Gay Liberation and the Mafia

Lucky Luciano built the Genovese monopoly on gay nightlife in New York City in the 1930s. The Stonewall Inn was the site of a violent protest against police raids—and against mafia involvement in gay bars. Ed “The Skull” Murphy (top right) was working the door of the Stonewall Inn the night of the famous riot.

Of the Five Families of New York, Lucky Luciano’s was the one we now call the Genovese crime family. Originally the Morello gang, when Luciano took it over in 1931 it had been most recently run by Joe Masseria, Maranzano’s challenger in the Castellammarese War. Until 1957, when Vito Genovese went to prison for trafficking heroin through his gay bars, it was called the Luciano crime family.

Luciano had long experience in running brothels, bars, prostitution rings, and even drug smuggling. To support his speakeasies during Prohibition, Luciano had mafia-backed vendors for liquor, cigarette vending machines, pool tables, and most importantly, police protection. Investing in “fairy places” or “fag bars” was part of a diverse portfolio of organized crime, and an area in which the Luciano family excelled. Their monopoly on gay nightlife in New York City would not be broken for fifty years.

By the mid-1800s, New York had recognizable gay community in several neighborhoods, including Greenwich Village. In George Chauncey’s “Gay New York,” he writes that at least three different locations in Little Italy had young male prostitutes working in them in 1908. Phillip Crawford Jr, in his book, “The Mafia and the Gays,” writes that before Prohibition began in 1920, the LGBT community in the city enjoyed some degree of social acceptance in these gay enclaves.

Yet in 1923, the law in New York City prohibited loitering to solicit gay sex. When Prohibition was lifted, eleven years later, the new State Liquor Authority considered any establishment that served alcohol to gay customers to be “disorderly houses” or places where “unlawful practices are habitually carried on by the public.”

A wider group of Americans, including homosexuals, enjoyed a brief period of greater social acceptance during WWII, when everyone was needed in the war effort, whether in the service or as a civilian. When the war ended, large numbers of queer people in the military ended their service, and chose to remain in the cities where there was community. Gay spaces became even more coveted as LGBT people faced increasing discrimination in the Cold War years.

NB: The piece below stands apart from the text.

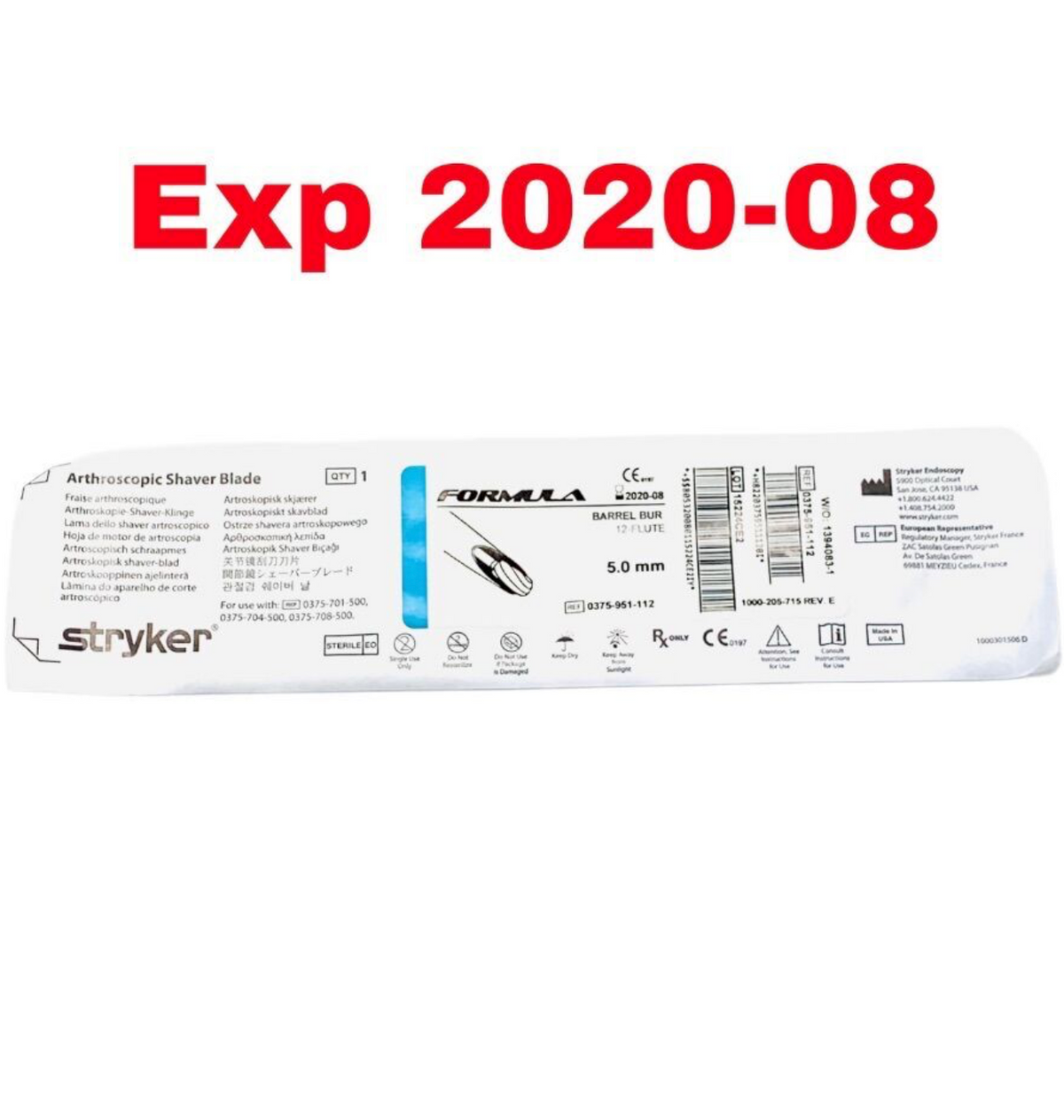 STRYKER 0375-951-112 FORMULA BARREL BUR 12-FLUTE 5.0 mm EXP 2020 08
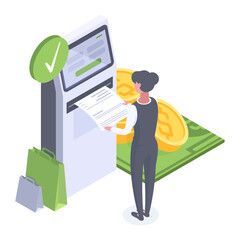 Isometric cash terminal and mobile purchase. Woman using ATM, internet banking payment flat vector illustration on white background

Although decriminalized after 1950, sodomy was still a misdemeanor, and various kinds of discrimination were still legally applied to the LGBT community. Apartment owners and employers did not have to rent to, or employ, people they knew or suspected were queer. A bar could lose its license not only by permitting same-sex kissing, touching, or dancing in their establishment, but simply by allowing gay people to congregate. In his book, Crawford offers an example in the 1965 investigation that shut down the Julius Restaurant: police descriptions of mincing gaits, tight clothes, and men who called one another “honey,” were the legal grounds on which the restaurant’s license was suspended.

The businesses that served the LGBT community, were those that paid off the police. And that meant gay bars were run by the mafia. Historians have connected all five of the families to gay bars in New York, with the majority belonging to the Genovese.

People who would today identify as members of the LGBT community, lived marginalized or hidden lives in the 1950s and 60s. “The down low” was the only option for virtually everyone who patronized gay establishments in those days. For transgender people, the options were extremely limited. “Butches,” “queens,” and other gender transgressors lived in danger roughly proportionate to their visible queerness. The more privileged members of the LGBT community, who could pass as heteronormative and cisgender, were by necessity closeted in most aspects of their lives. They, too, needed public spaces to meet their own kind in relative safety.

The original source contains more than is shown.